• **Extracted data**:
::::::
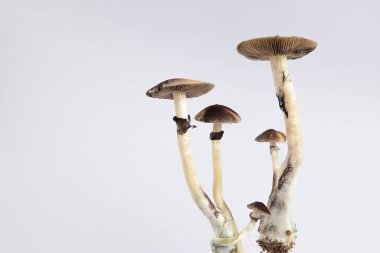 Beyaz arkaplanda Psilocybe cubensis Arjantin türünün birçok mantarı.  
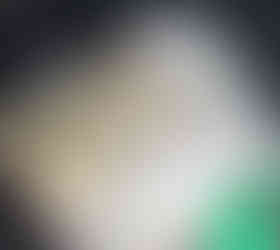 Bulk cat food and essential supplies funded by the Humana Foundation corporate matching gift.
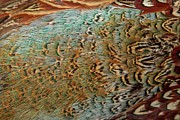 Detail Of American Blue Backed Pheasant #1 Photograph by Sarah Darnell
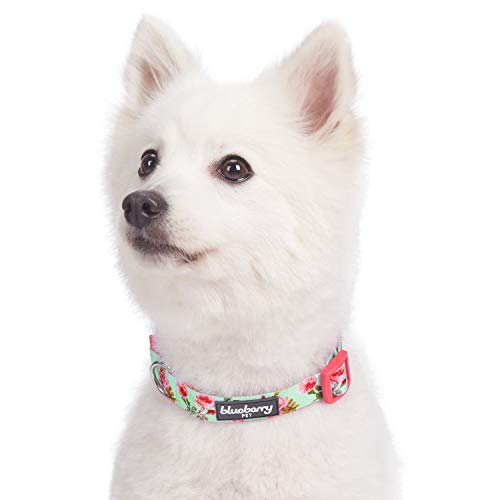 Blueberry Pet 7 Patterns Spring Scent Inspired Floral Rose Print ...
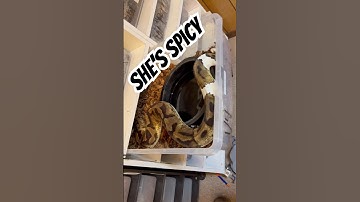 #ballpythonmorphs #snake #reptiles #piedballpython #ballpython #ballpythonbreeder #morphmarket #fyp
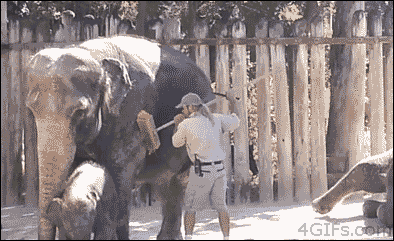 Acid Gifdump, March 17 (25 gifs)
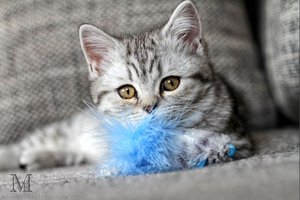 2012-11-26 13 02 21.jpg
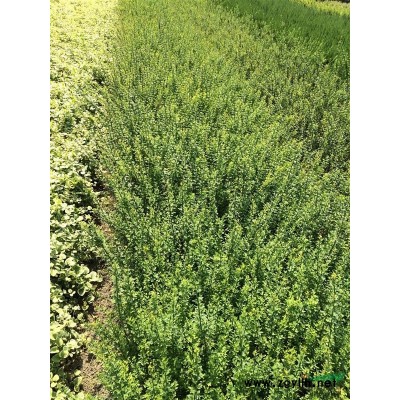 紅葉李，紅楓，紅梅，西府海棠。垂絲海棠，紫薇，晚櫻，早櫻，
::::::
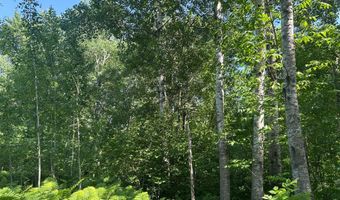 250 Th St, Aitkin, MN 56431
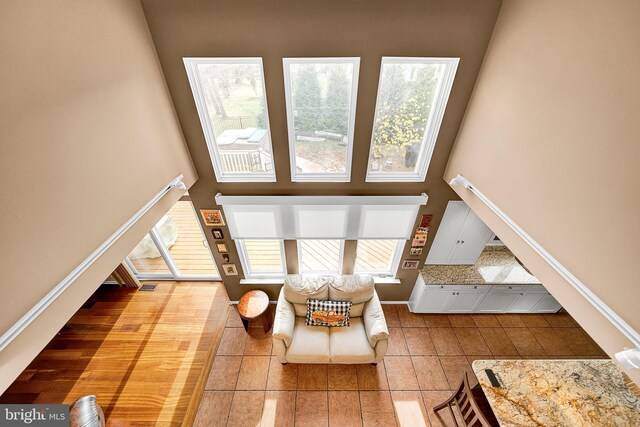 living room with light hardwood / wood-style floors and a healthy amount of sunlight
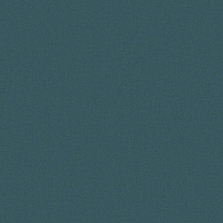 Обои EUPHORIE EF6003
::::::
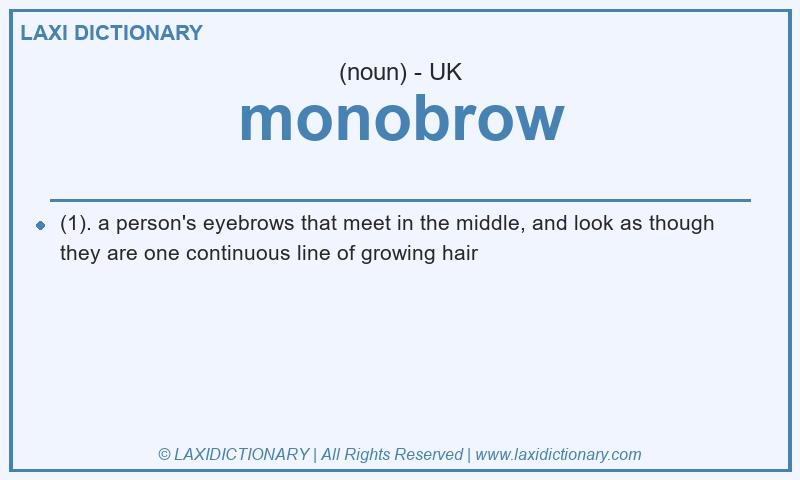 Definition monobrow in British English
::::::
• **Exercise directions**:
Going by the data above, the answer is exactly the lines from the one holding "living room with" to the one holding "Обои EUPHORIE EF6003", both kept, with the pictures left out.

• **Answer section**:
 living room with light hardwood / wood-style floors and a healthy amount of sunlight
 Обои EUPHORIE EF6003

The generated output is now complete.